Calderón ya no tiene la fuerza política suficiente para sostener una guerra
contra el narcotráfico que ha fracasado, y ahora pretende reacomodar sus tesis bélicas originales mediante diálogos selectivos. Con la idea de distribuir responsabilidades democráticamente
entre una sociedad a la que no tomó en cuenta para declarar hostilidades irreflexivas y faltas de estrategia, ni ha escuchado a lo largo de casi cuatro años de horror, el comandante en jefe del combate sesgado al mercadeo de drogas se transforma en escucha y polemista, en anfitrión de ideas ajenas y ejecutor de decisiones muy suyas, en cuidadoso analista de las causas de la desgracia nacional que no atina a adjudicarse a sí mismo sino que ahora pretende repartir mediante aperturas
al debate que transcurren modosas mientras la violencia y el descontrol siguen extendiéndose por todo el país.

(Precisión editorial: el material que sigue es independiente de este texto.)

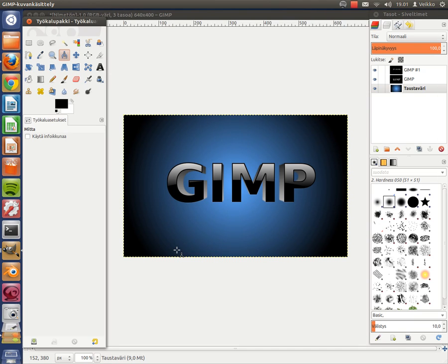Hi YouTube! In this video I'm going to be demonstrating how to create a 3D glossy text with GIMP 2.8.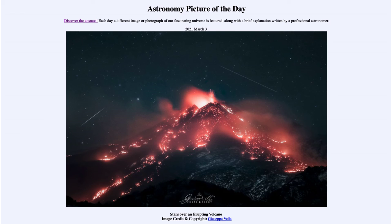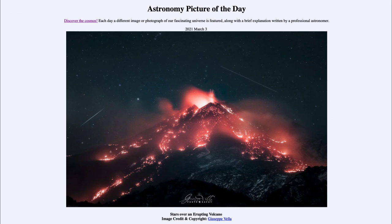On some moons in the outer solar system we do see volcanic activity. The moon Io around Jupiter is the most volcanically active object in the solar system, even more so than Earth, and is constantly getting itself turned inside out by continual eruptions. Eruptions on Earth resurface parts of the planet and create new rock, and this happens to an even greater extent on some other objects.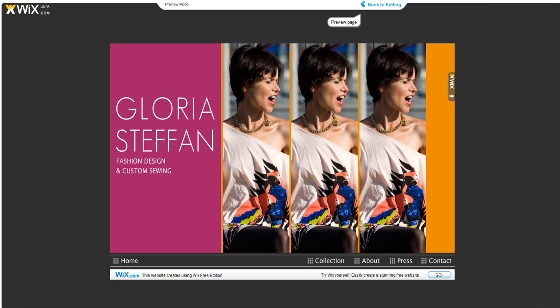Welcome to our video tutorial on the template entitled Custom Fashion. In this tutorial, I'm going to start in preview mode to show you how the website works, and then we'll go ahead and show you how to recreate or customize this template.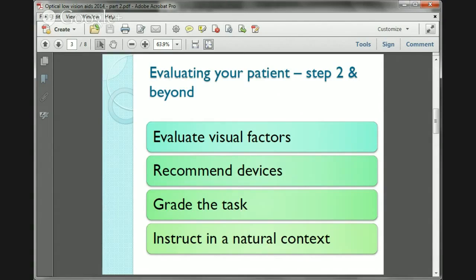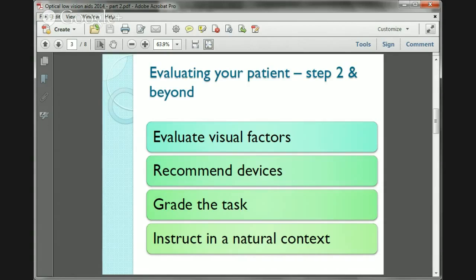Step two and beyond includes evaluating the visual factors, how well they're able to read near print, making a recommendation for the device — that is the low vision aid — grading the task, which means making them use it and working out what print size they can actually read with it, and then instructing in a natural context. Get them to try the magnifying glass with the things they actually want to read, whether it's packet labels on food, a newspaper, or their bills.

Lo peor para ese proyecto felipista de relanzamiento táctico después de las elecciones estatales que finalmente perdió en su gran mayoría, es que los propios invitados a las sesiones oficiales han criticado a fondo diversos aspectos del plan calderonista e incluso han puesto sobre la mesa de discusiones la posibilidad de la legalización del consumo de drogas en México, tesis contrastante con los esfuerzos de confrontación armada desarrollados por Los Pinos, pero que finalmente ha aceptado en grado de hipótesis a analizar. Luego de 28 mil muertes que el gobierno federal adjudica a ojo de buen cubero a asuntos de narcotráfico, sin realizar averiguaciones previas verdaderas ni someterse al sendero procesal obligado que sólo a su final puede permitir que una autoridad sostenga lo que entonces ya sería una verdad jurídica, el felipismo cree oportuno reconsiderar, tomar en cuenta opiniones ajenas, ver desde ángulos diversos el mismo problema e incluso considerar, ¡faltaba más!, la posibilidad de legalizar la materia de lo que hasta ahora ha sido el eje del mal aprovechado por el sexenalismo fallido para desatar un belicismo de ocurrencia.